In the meantime an underpowered Australian Test team was being steadily overwhelmed by Mike Brearley's England, with a disastrous impact on the official exchequer. The establishment's defiant rhetoric had tended to obscure how poorly equipped it was to deal with a rival cricket promoter. It had only one source of sizeable revenue (Test cricket), from which to fund a set of cost centres (first-class, club and junior cricket); sponsorship and broadcasting monies were as yet paltry. That source of revenue, furthermore, had been predicated on a monopoly market position, which no longer pertained.

Packer, meanwhile, enjoyed the advantages of vertical integration. He was paying his cricketers big bucks - or, at least, bigger bucks than they had been accustomed to. But he obtained for his bucks the additional bang of lots of popular, cheap, long-duration television for his summer schedules. And unlike the ACB, with its obligation to be all things to all fans, Packer had no need to stage matches outside the big markets of the eastern seaboard if he did not feel like it; in its second season, WSC did not visit Adelaide or Perth.

It could not go on. As Graham Yallop's callow XI succumbed in the sixth Test at the SCG, a lone voice was heard calling from the Hill: "Change the channel!" Which is what the ACB proceeded to do. From February through March 1979, WSC and the ACB worked toward a rapprochement under which Channel 9 obtained the broadcasting rights it had sought from the beginning. And they all lived happily ever after. Or so the story goes.

WSC's historical impact has been in dispute for most of the last quarter-century. Some have maligned it as the end for cricket as we knew it. Others have celebrated it as the beginning of cricket as we know it. For certain, cricket has never evolved so far so fast. Changes were wrought to the game's institutional structures in two years that might have taken 10 or more. The one-day international was popularised and the tri-cornered tournament made a feature of every subsequent Australian summer - a fashion that spread first through Asia, then to England.

Night cricket, coloured clothing and drop-in pitches were pioneered. Ditto helmets, which spread like mushrooms after rain when David Hookes had his jaw broken by Andy Roberts in December 1977. Administrators came to recognise television rights as an important revenue source. Cricketers became more cognisant of their market value. Broadcasters awoke to sport as popular mass entertainment, cheaper at that stage than just about everything except the evening weather.
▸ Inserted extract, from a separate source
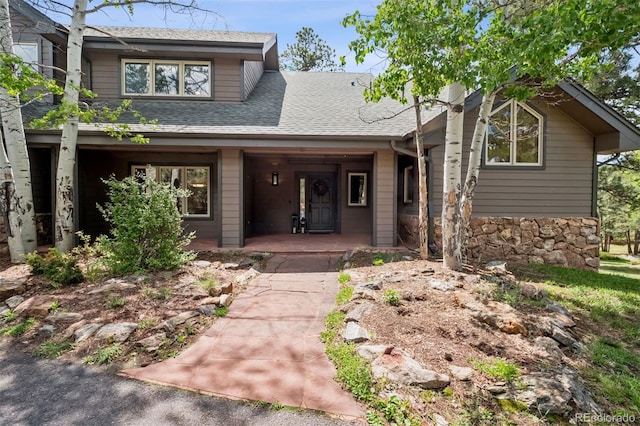 1570 Blakcomb Ct, Evergreen, CO 80439 - view of front facade with a porch, roof with shingles, and stone siding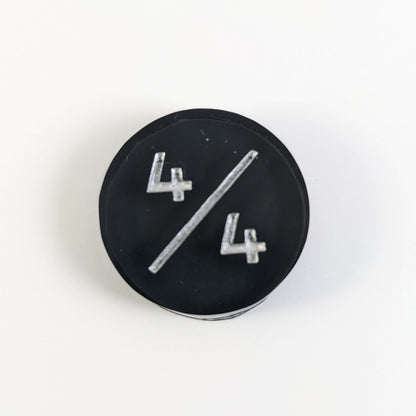 A top down photo of a black 4/4 token with silver numbers sits on a white background.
Television, too, ceased merely to be the game's silent witness. One of the features of Channel 9's coverage was the narrative it imposed on the play, drawing attention to this and that, laying out the issues of the day even as it monitored the events. Watch how necks crane to study the big screen replay when something happens at a big cricket arena today - making up for the wavering attention on the play itself - and you realise how the style of coverage conceived by Packer's lieutenant David Hill has both enriched and impoverished our understanding of the game.

Over the last couple of years, in fact, it has become harder to raise more than two cheers for WSC. The fact is that the animal spirits of the market, once liberated, were irrepressible; cricket's steady commodification began. As Dr Greg Manning has written, Packer paid $12 million "not to buy the cricket but to turn the cricket into something he could buy. The real meaning of his victory was that the game would never again be beyond price."

Because professionalism was launched so rapidly, it has ramified in ways quite unforeseen 25 years ago. What happens, for example, if the highest bidder for your services should turn out to be the agent of an abhorrent regime? By promulgating the idea that a professional cricketer "needs to make his living as much as any man" - as Justice Slade put it in his landmark High Court judgement in favour of the Packer organisation in October 1977 - WSC set the scene for a decade of steadily shabbier rebel tours to South Africa. What happens, too, if the highest bidder for your services should turn out to be a bookmaker? Then the only obstacle to your complicity is conscience - not a quality that has abounded in recent times. We live today, to use the famous Chinese curse, in interesting times. WSC helped make them so.